By placing second within minutes of each other at the 66th PIAA Wrestling
Championships in Hershey on Saturday, Joe Rovelli and Carlo Mercadante did
just that.
The postseason hopes of Mercadante, an undefeated two-time District 2 champ
who had never qualified for states, were in serious doubt in late January.
Mercadante failed to comply with the PIAA’s new 50-percent weigh-in rule,
which requires half of a wrestler’s weigh-ins to come at the lowest weight he
intends to wrestle at in the postseason.
Mercadante couldn’t wrestle at 152 pounds, as he intended to, and the only
realistic weight he could go to – 160 – was occupied by longtime friend
Rovelli. Rovelli won a wrestle-off with Mercadante for the right to compete at
160 and, for about two days, Mercadante had given up on the postseason.

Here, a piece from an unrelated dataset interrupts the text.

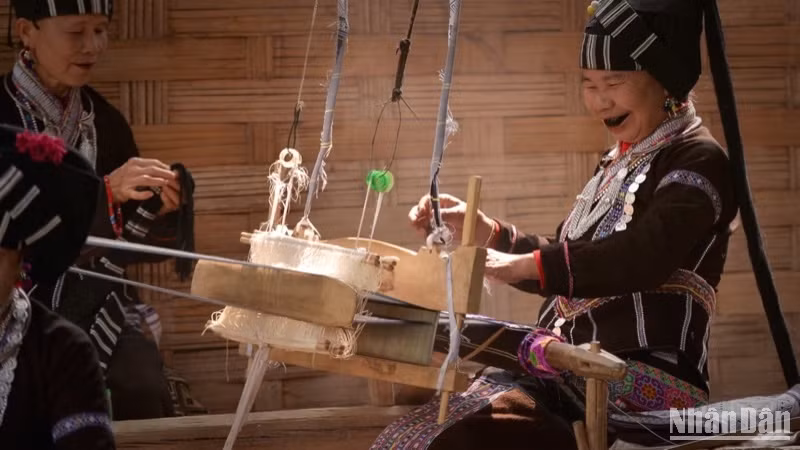 Bản sắc văn hóa Việt đang được giới thiệu mạnh mẽ tại nhiều quốc gia. (Ảnh: VŨ LINH)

However, Rovelli decided to drop to 152 so his teammate could go after his
dream of getting to Hershey at 160.
Fingers were pointed everywhere, from first-year Meyers coach Ron Swingle
Jr. to the PIAA to a scale on a rubber mat in Tunkhannock, where Mercadante
did not make 152 for a dual match.
Mercadante and Rovelli have since taken matters into their own hands.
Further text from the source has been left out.